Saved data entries
# # # # #
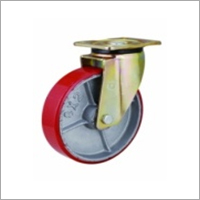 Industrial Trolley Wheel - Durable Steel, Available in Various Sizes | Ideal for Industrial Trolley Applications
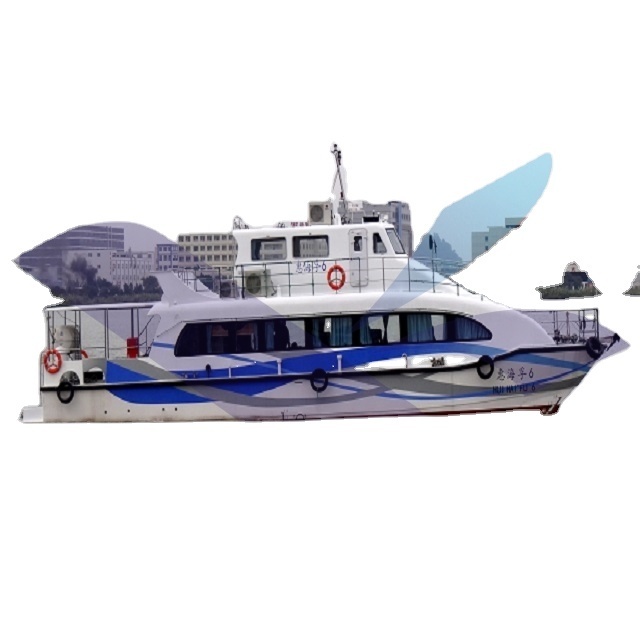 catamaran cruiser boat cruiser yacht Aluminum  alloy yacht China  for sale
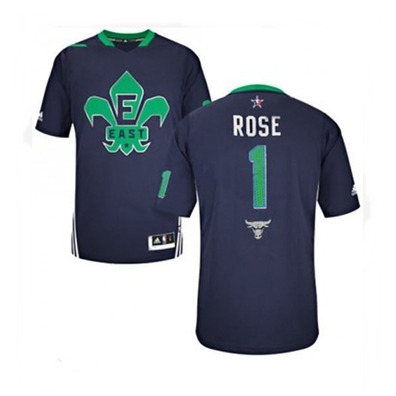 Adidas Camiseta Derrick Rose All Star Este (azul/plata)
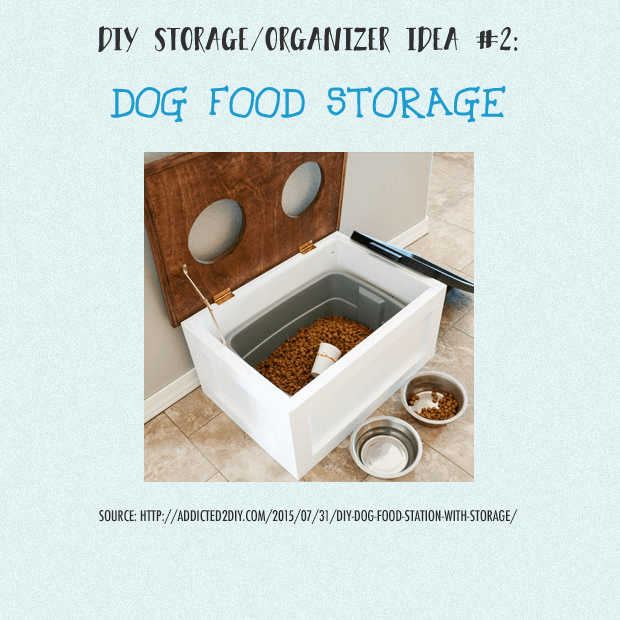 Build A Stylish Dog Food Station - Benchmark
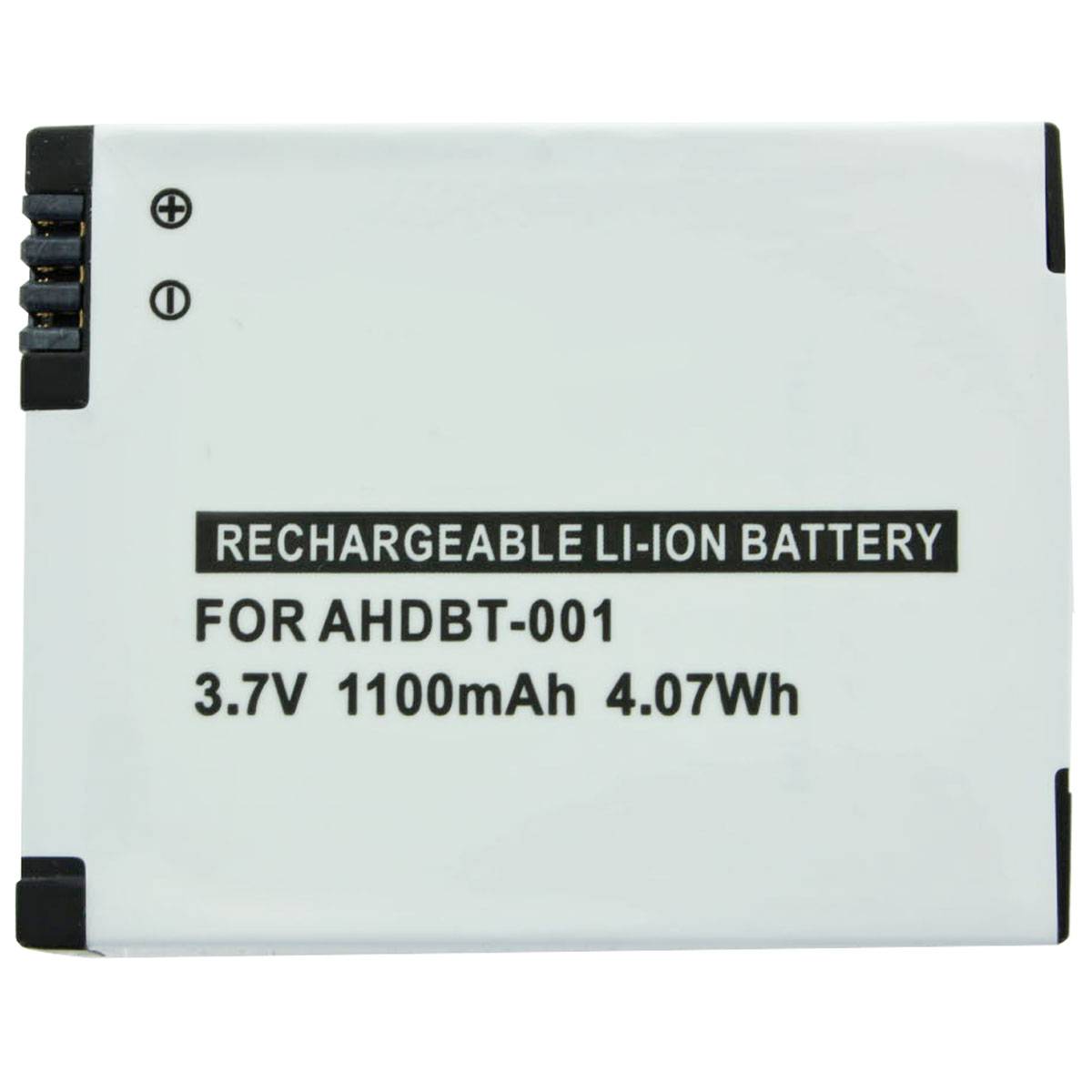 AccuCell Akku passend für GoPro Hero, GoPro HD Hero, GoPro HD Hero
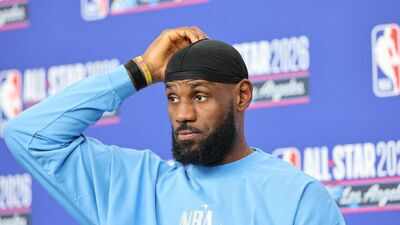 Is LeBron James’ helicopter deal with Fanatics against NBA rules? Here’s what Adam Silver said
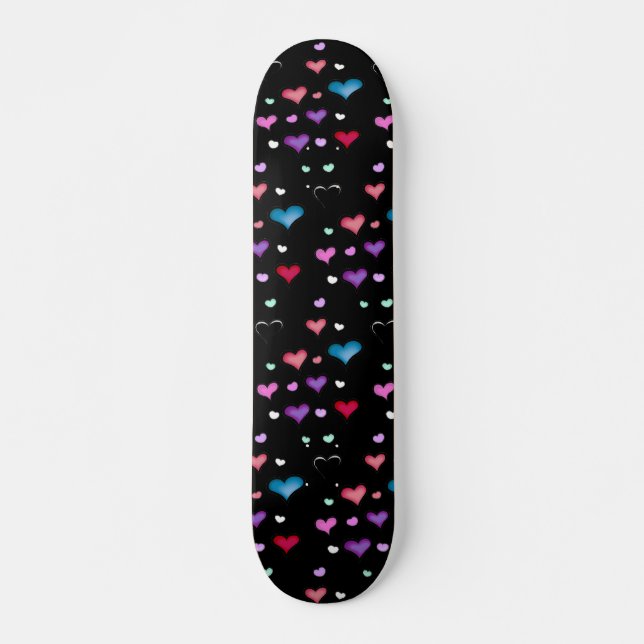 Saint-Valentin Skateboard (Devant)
# # # # #
Instructions to follow — Could you repeat exactly the lines from the one containing "Build A Stylish Dog Food Station - Benchmark" through the last line of the records, both included, without the pictures?

Problem solution —
 Build A Stylish Dog Food Station - Benchmark
 AccuCell Akku passend für GoPro Hero, GoPro HD Hero, GoPro HD Hero
 Is LeBron James’ helicopter deal with Fanatics against NBA rules? Here’s what Adam Silver said
 Saint-Valentin Skateboard (Devant)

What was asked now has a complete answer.